On its part, representatives of Shiite leader Muqtada al-Sadr denied receiving any backing or support from Iran. Nassar al-Rubay'i, the spokesman for Al-Sadr bloc in Iraq's parliament, asserted that the Al-Sadr group has no knowledge of any support that Iran gives to any party or armed group in Iraq.
However, Kurdish Deputy Mahmud Uthman did not rule out Iran's support for the Shiite militias in Iraq and said: "There is no doubt that Iran is backing the Shiite militias.
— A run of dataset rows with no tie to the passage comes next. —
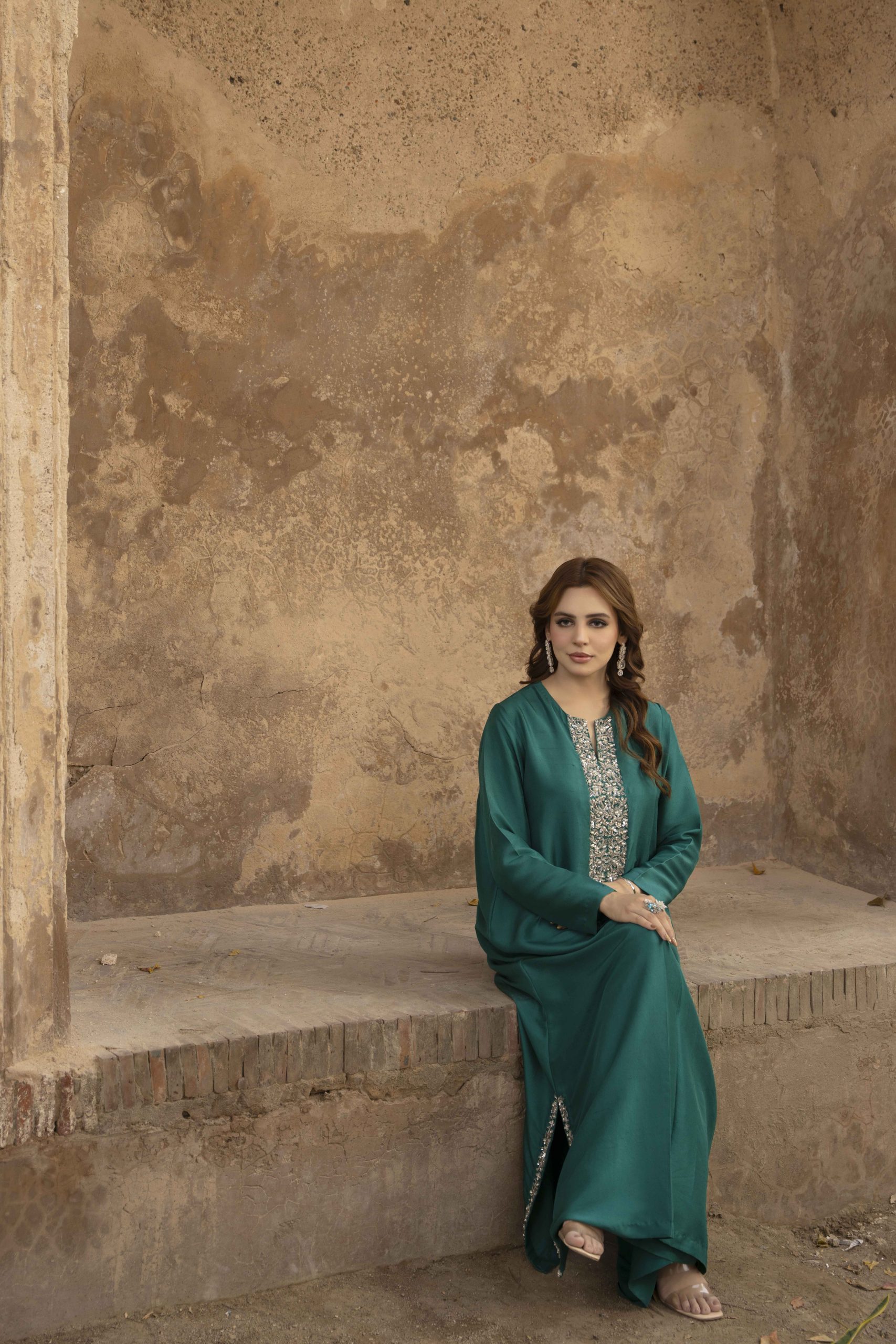 Emerald Veil – Whisper of Royalty - Image 5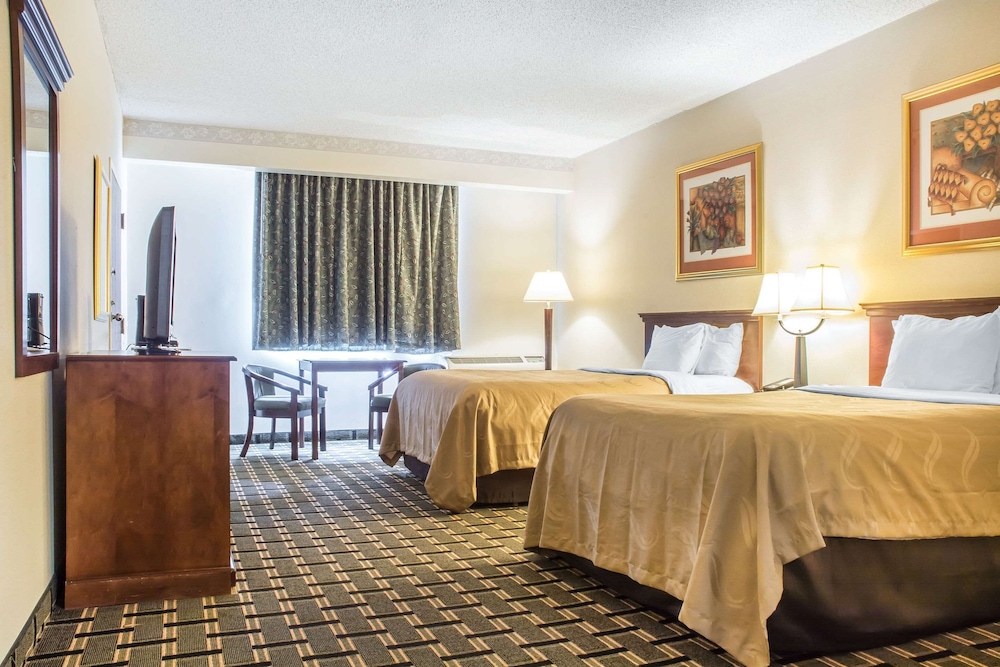 Quality Inn Suites Palm Island Indoor Waterpark 15/67
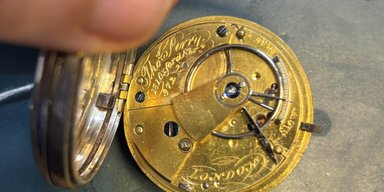На аукціоні продали рідкісний годинник: належав учаснику знаменитої історичної битви (фото)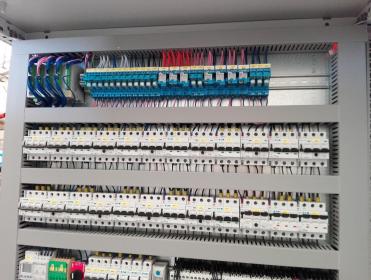 Ampario Damian Domagała - Wykonanie Instalacji Elektrycznych Rawicz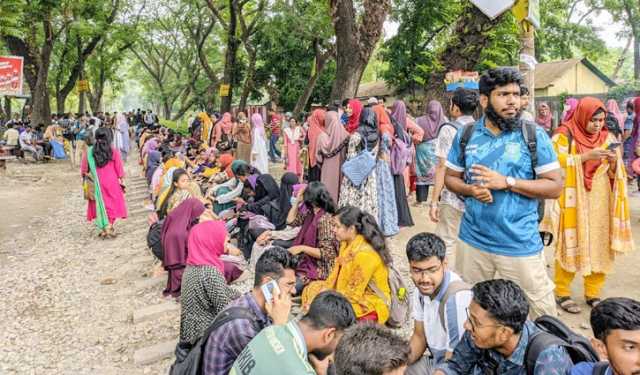 রেললাইন অবরোধ করে বাকৃবি শিক্ষার্থীদের বিক্ষোভ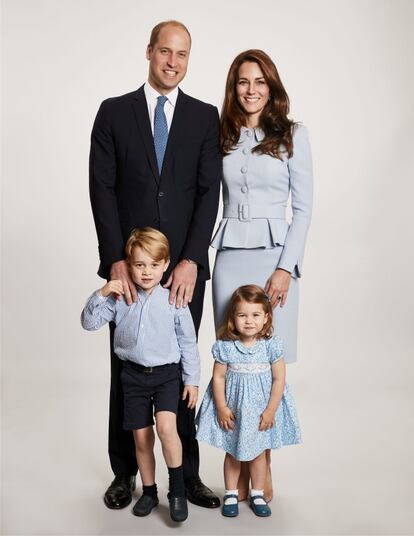 Foto oficial de los duques de Cambridge con sus hijos en Kensington Palace que sirvió de felicitación navideña en 2017.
They are bound together by old ties." He explained however in a telephone contact with Asharq al-Awsat that the United States has its reasons for these statements, is in dispute with Iran, and "is pinning the reasons of its failure in Iraq on Iran, Syria, and the Iraqi Government." Regarding the presence of sophisticated weapons that the armed groups have started to use in their fight against the American forces in Iraq, the Kurdish deputy said that these did not necessarily come from Iran since the gunmen "can bring them from any other sources like Syria or the former Iraqi army."